_PROBLEM STATEMENT_: In the copy, include no pictures. Reproduce the rest of the entries exactly.

_DATA IN THIS EXERCISE_:
┌────────

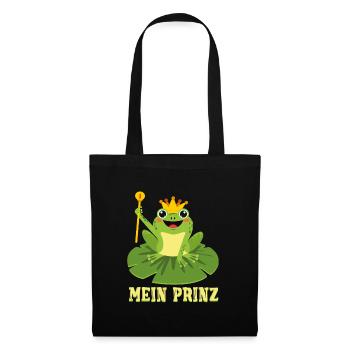 Karneval Kostüm Frosch MEIN PRINZ Lustiges - Stoffbeutel - Schwarz - Vorne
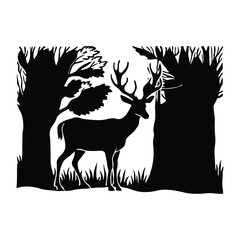 Deer forest standing silhouette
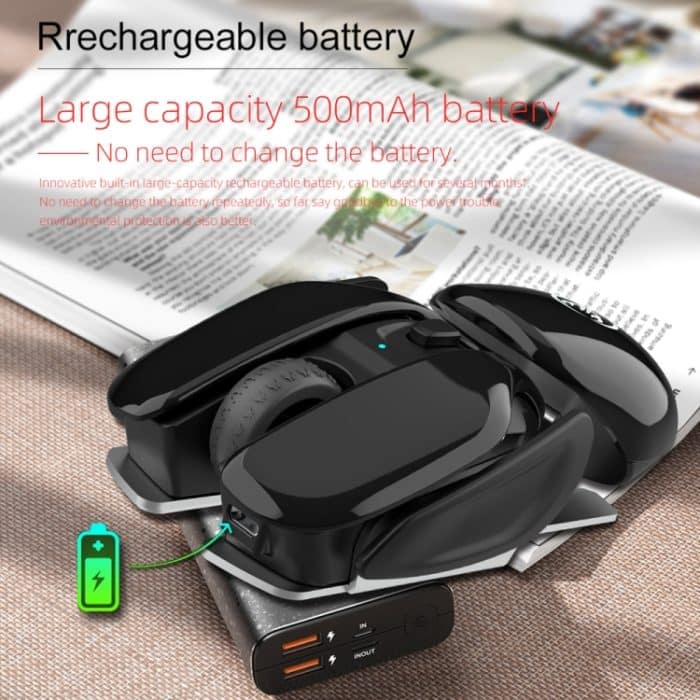 HXSJ T37 2,4 GHz 1600 dpi 3 Modi einstellbare kabellose Stummschaltungsmaus, T37 Black, T37 Pink – Bild 7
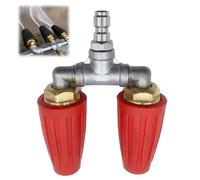 Triple Turbo Nozzle Pressure Washer Attachment - 4000 PSI Rotating Power Spray with 1/4 Inch Quick Connect - Heavy Duty Cleaning Tool for Driveways and Patios (Red, 2)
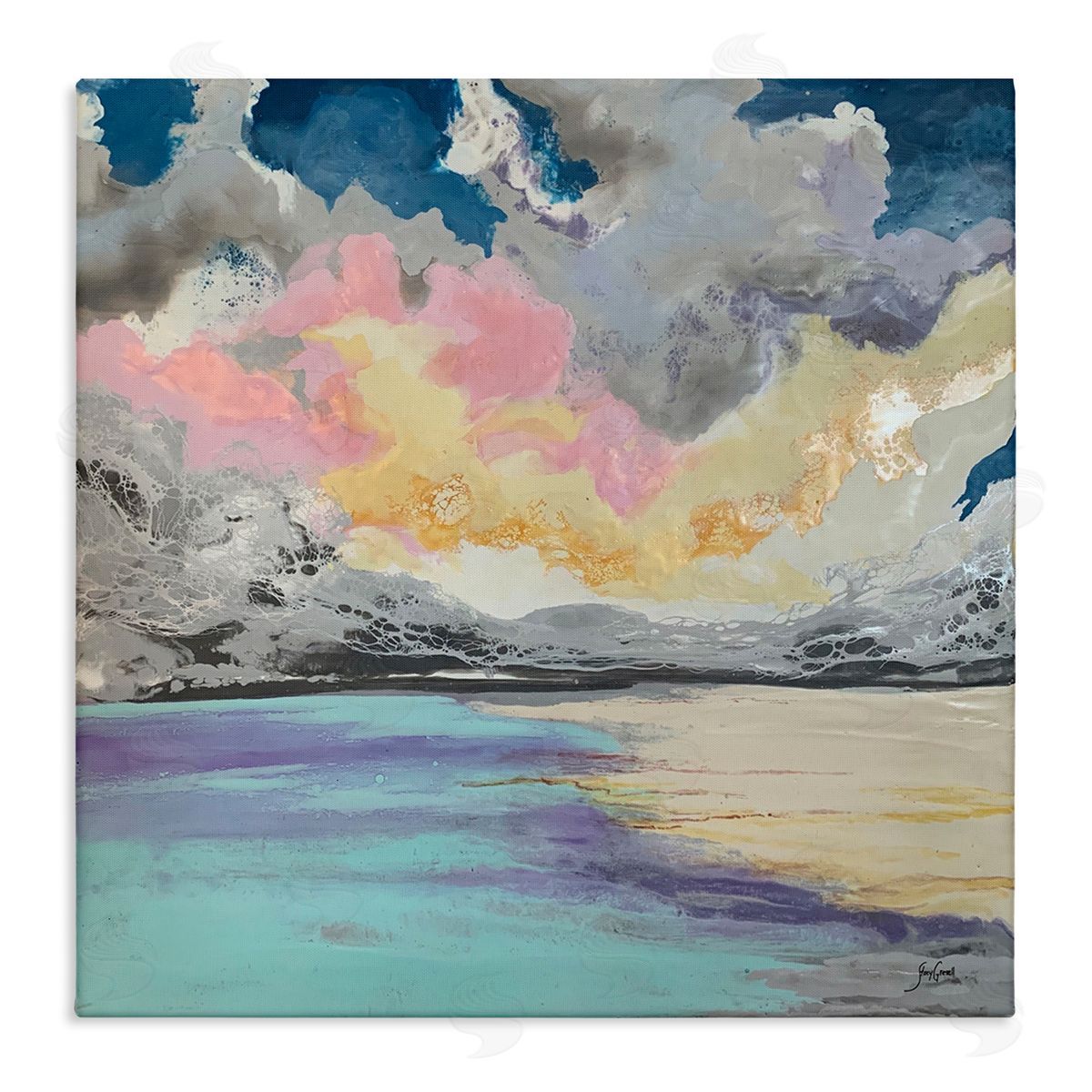 Stacy Gresell Modern Sunrise Clouds Panoramic Ocean Surface View Stretched Canvas Wall Art Print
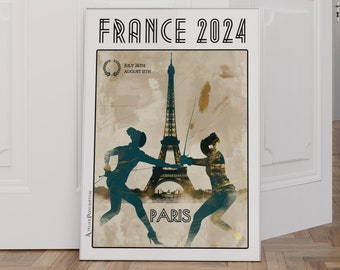 Affiche Escrime Féminine Paris France 2024 - Poster de Compétition Sportive Illustrant l'Esprit des Jeux, devant la Tour Eiffel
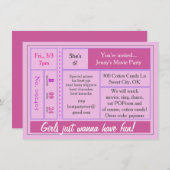 ガールズ·ワン·ヘア·おもしろい映画招待状 招待状 (正面/裏面)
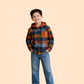 Boys Checked Hooded Shirt with Denim Jeans | Winter Casual Outfit Set (2-10 Years)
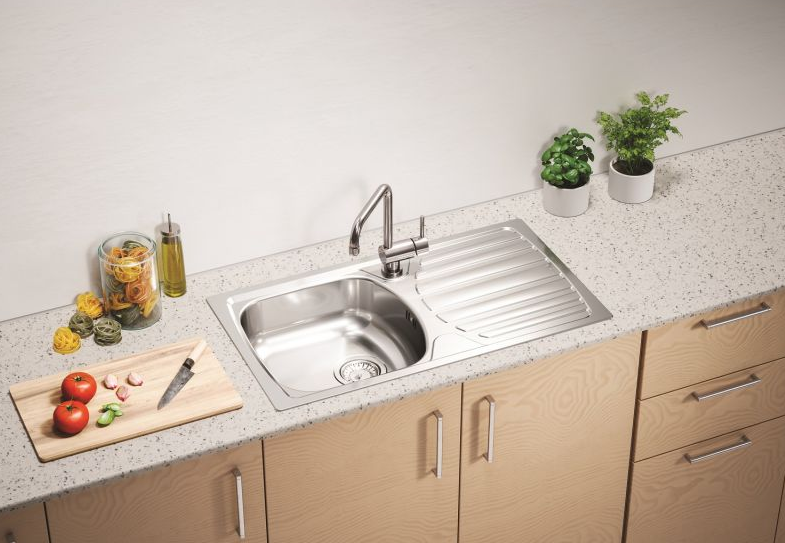 Детальное фото товара: ALVEUS BASIC 170 LEI-90 NEW, мойка, нержавеющая сталь лен (в комплекте с сифоном 1130550)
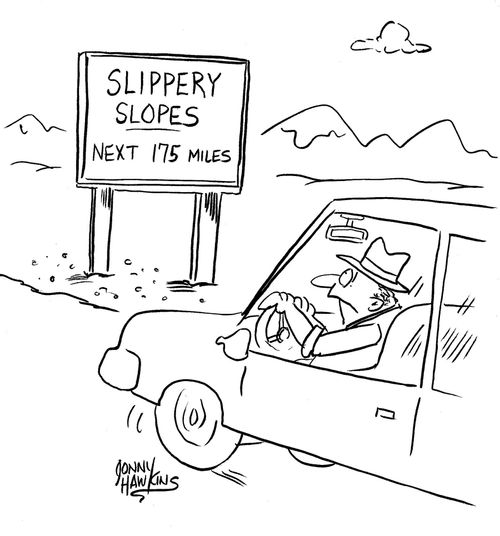 Driver sees sign: 'Slippery Slopes ... Next 175 Miles'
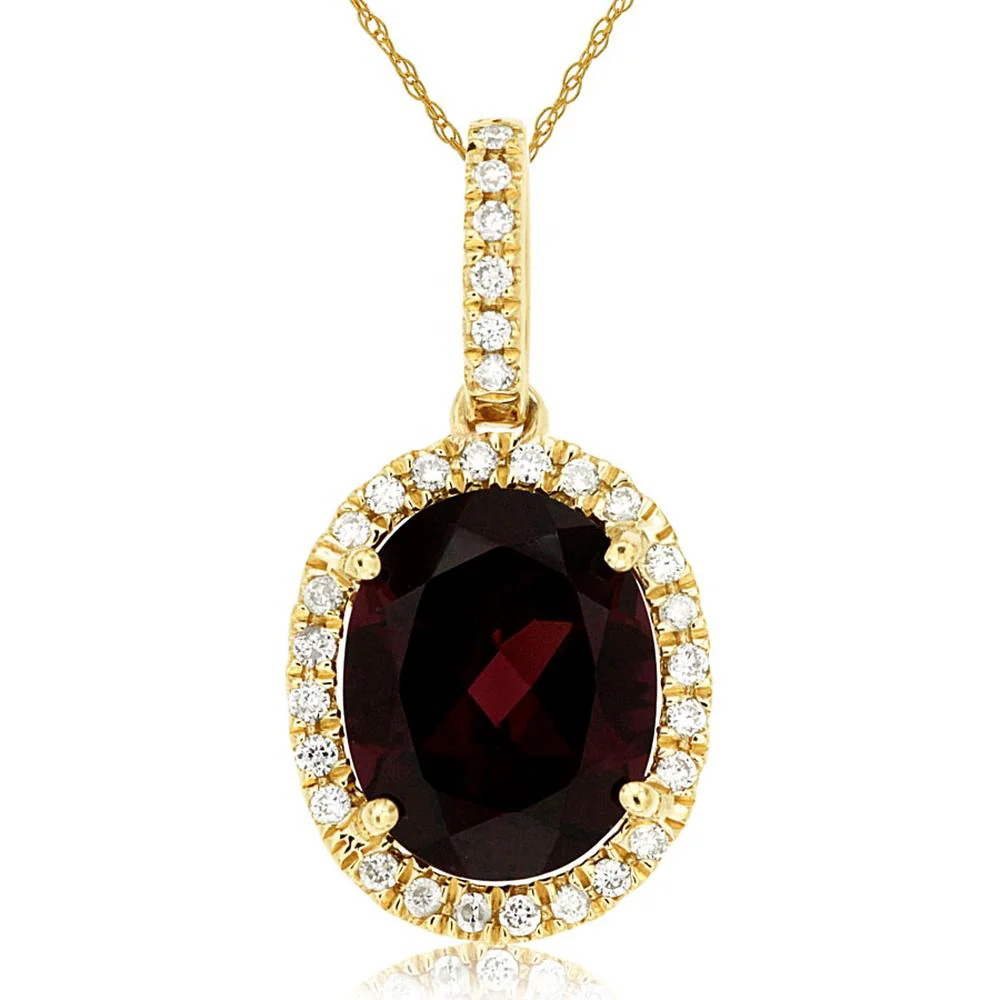 14K Yellow Gold Oval Cut Garnet and Diamond Halo Pendant - 2.80 Carat Garnet, 0.18 Carat Diamond Total Weight - Royal Jewelry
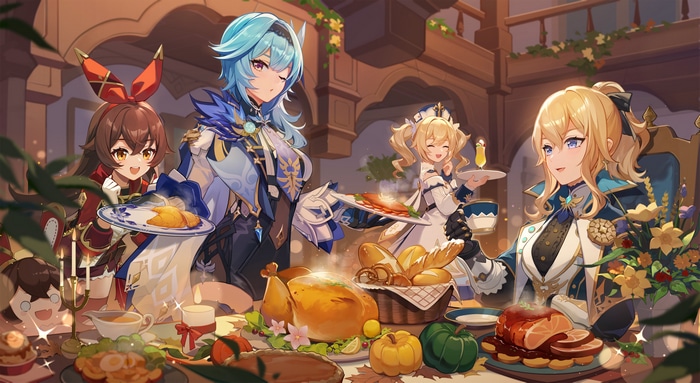 Genshin Impact: Amber, Eula, Barbara, and Jean at a Feast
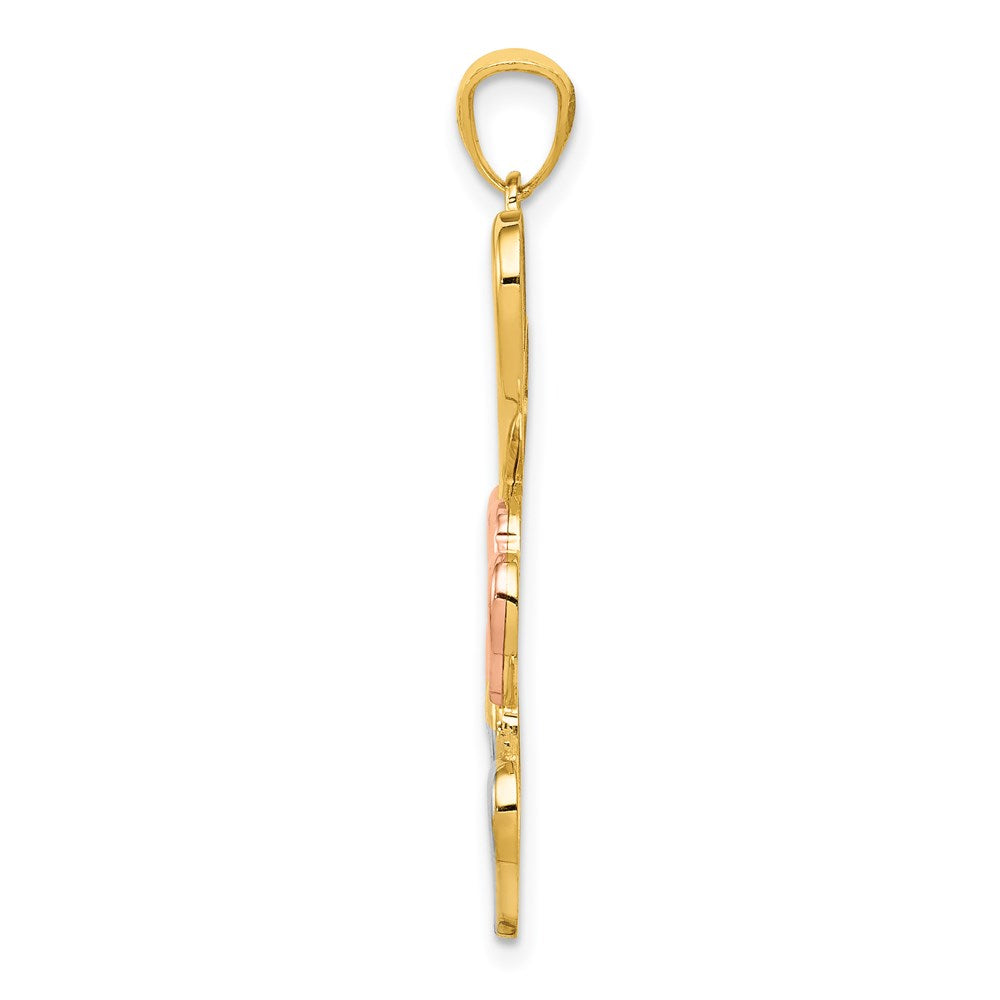 14k Yellow & Rhodium Gold w/Rose and White Rhodium Hearts Pendant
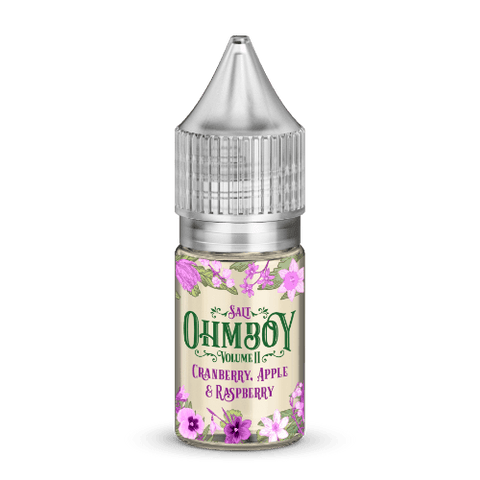 Ohm Boy Volume II Nic Salts Cranberry Apple & Raspberry / 5mg On White Background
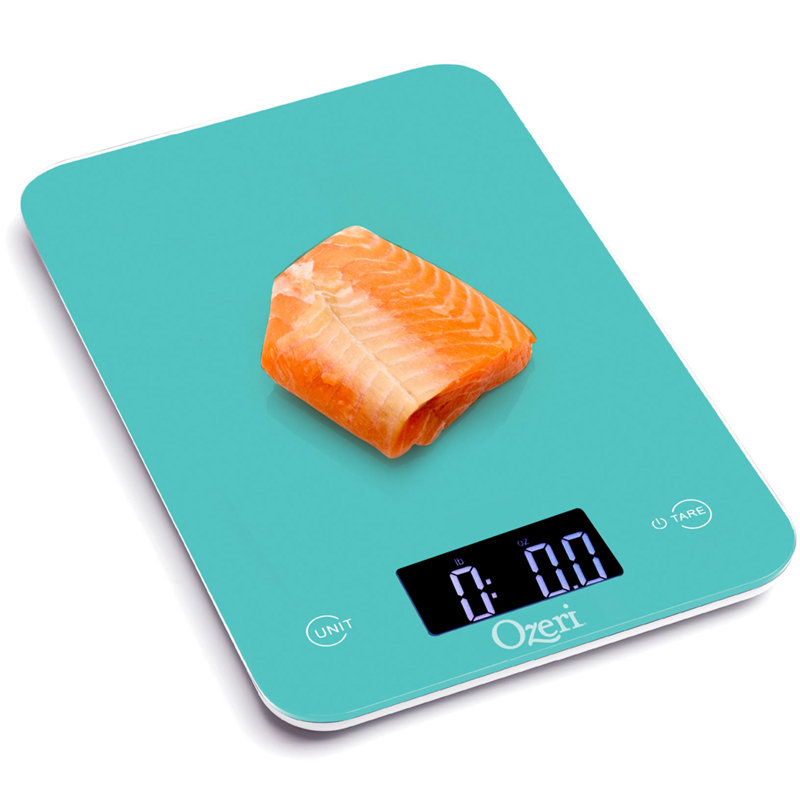Ozeri Touch Professional Digital Kitchen Scale (12 lbs Edition) in Tempered Glass, Teal Blue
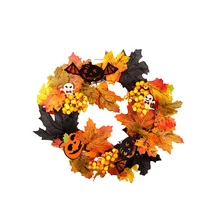 Реквизит для Хэллоуина венок из листьев Осенний клен Тыква ягодная гирлянда передняя дверь украшение дома стены
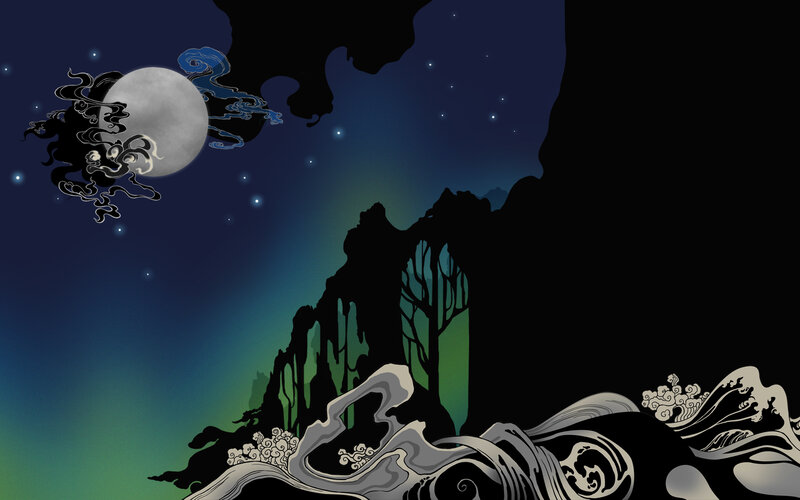 Moonlit waves and cliffs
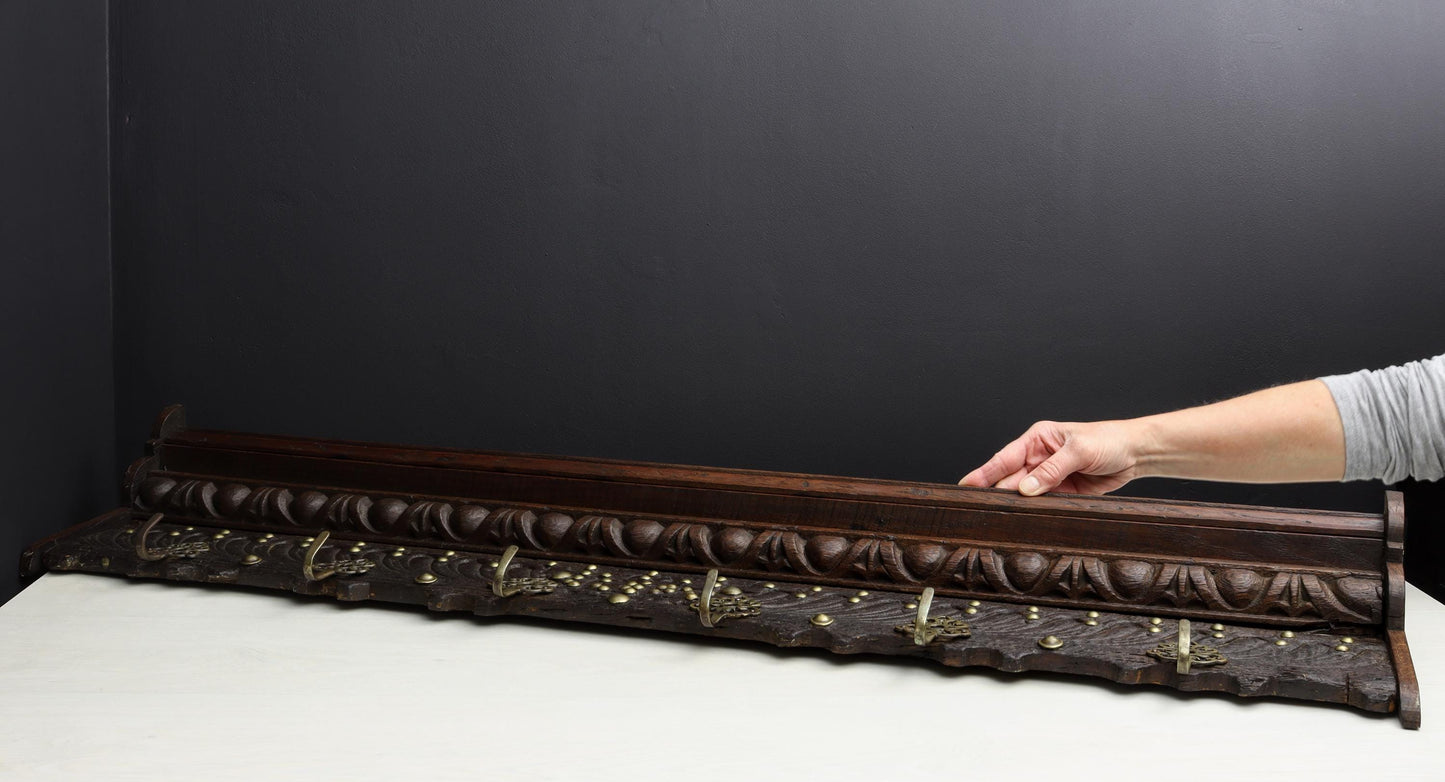 Antique Wall Mounted Coat Rack | Entryway Coat Rack with shelf | Vintage Home Decor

└────────

_SOLUTION_:
 Karneval Kostüm Frosch MEIN PRINZ Lustiges - Stoffbeutel - Schwarz - Vorne
 Deer forest standing silhouette
 HXSJ T37 2,4 GHz 1600 dpi 3 Modi einstellbare kabellose Stummschaltungsmaus, T37 Black, T37 Pink – Bild 7
 Triple Turbo Nozzle Pressure Washer Attachment - 4000 PSI Rotating Power Spray with 1/4 Inch Quick Connect - Heavy Duty Cleaning Tool for Driveways and Patios (Red, 2)
 Stacy Gresell Modern Sunrise Clouds Panoramic Ocean Surface View Stretched Canvas Wall Art Print
 Affiche Escrime Féminine Paris France 2024 - Poster de Compétition Sportive Illustrant l'Esprit des Jeux, devant la Tour Eiffel
 ガールズ·ワン·ヘア·おもしろい映画招待状 招待状 (正面/裏面)
 Boys Checked Hooded Shirt with Denim Jeans | Winter Casual Outfit Set (2-10 Years)
 Детальное фото товара: ALVEUS BASIC 170 LEI-90 NEW, мойка, нержавеющая сталь лен (в комплекте с сифоном 1130550)
 Driver sees sign: 'Slippery Slopes ... Next 175 Miles'
 14K Yellow Gold Oval Cut Garnet and Diamond Halo Pendant - 2.80 Carat Garnet, 0.18 Carat Diamond Total Weight - Royal Jewelry
 Genshin Impact: Amber, Eula, Barbara, and Jean at a Feast
 14k Yellow & Rhodium Gold w/Rose and White Rhodium Hearts Pendant
 Ohm Boy Volume II Nic Salts Cranberry Apple & Raspberry / 5mg On White Background
Ozeri Touch Professional Digital Kitchen Scale (12 lbs Edition) in Tempered Glass, Teal Blue
 Реквизит для Хэллоуина венок из листьев Осенний клен Тыква ягодная гирлянда передняя дверь украшение дома стены
 Moonlit waves and cliffs
 Antique Wall Mounted Coat Rack | Entryway Coat Rack with shelf | Vintage Home Decor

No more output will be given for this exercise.